Ее слегка качнуло в сторону, но ценой героических усилий она удержалась на месте. Одна рука Жабы лежала на груди, весьма объёмной, а вторая что-то лихорадочно искала на столе. Подозреваю, валерианку. Возможно, корвалол. Возможно, сразу и то, и другое.
— Да ничего не случилось. — Я бочком протиснулся в кабинет, испытывая при этом некоторую гордость за родной класс.
Вот, что значит, репутация. Всего лишь поздоровался, а у директрисы прединсультное и прединфарктное состояние.
— Ничего? Точно? — Она даже как-то расстроилась. Будто я подвёл ее, не дал еще парочки поводов для разговора с родителями.
— Абсолютно. Все живы-здоровы.

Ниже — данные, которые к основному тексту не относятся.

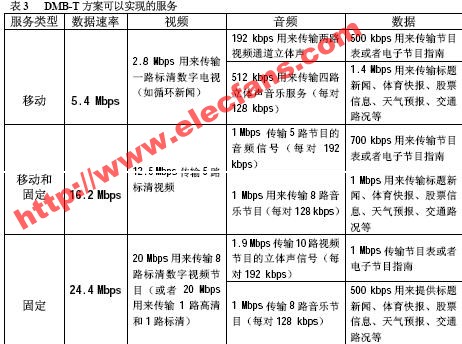 DMB-T 系统在每个频道里可传送多少套数字电视节目？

Просто нужно с вами поговорить.
Я прошел к столу, остановился. Затем подумал немного и уселся на свободный стул. Правда, культурно уселся. Скромно, можно сказать.
Жабу мое поведение очевидно слегка нервировало. Она тоже села обратно на свое место, но при этом взгляд у нее оставался настороженным. Так смотрят на фокусника, ожидая, что он сейчас вытащит из шляпы.
— Поговорить? — Снова переспросила директриса, а потом посмотрела на большие настенные часы. — Ну… Хорошо. Я, правда, не представляю, что за разговоры могут быть в такое время. Если ты забыл, во сколько начинаются уроки, то напомню, буквально через десять минут.
— Спасибо, Александра Ивановна. — Кивнул я. — Все знаю, но очень благодарен вам за напоминание. Сразу видно, насколько сильно вы радеете за учеников.
Директриса напряглась еще больше. Видимо, в ее представлении Леха Петров не должен себя подобный образом вести и тем более подобным образом разговаривать.
— Таааак… И? Слушаю тебя очень внимательно. — Жаба взяла со стола ручку и принялась крутить ее в руке.
— Мне стало известно, что у вас есть некоторая проблема с местным электриком, с весьма популярным в народе товарищем по имени Митрич. Нет! Подождите! Дайте я выскажу свою мысль.
Я подался вперед, даже руку выставил ладонью вперед, едва ли перед носом директрисы, предлагая ей помолчать. Вид этой руки удивил Жабу еще больше. Она уставилась на нее, буквально как кобра на дудочку факира. Но если бы я этого не сделал, директриса сейчас бы уже выпроводила меня из кабинета. По ее лицу вполне было понятно, обсуждать какие-либо свои проблемы с учениками она не собирается. Уж тем более ту, которая связана с Митричем. Видимо, для Жабы это и правда больная мозоль.
— Я могу решить вашу проблему. Но взамен я хотел бы договориться об ответной услуге. И прежде, чем отказать или выгнать меня, подумайте хорошо. Не торопитесь принимать поспешных решений. Я точно знаю, как вам помочь.
— Петров, ты совсем обнаглел? — Вид у директрисы стал ошарашенный.
Причем, именно из-за того, что она однозначно подумала, ученик и правда обнаглел. Жабу до глубины души поразила эта вопиющая, с её точки зрения, наглость.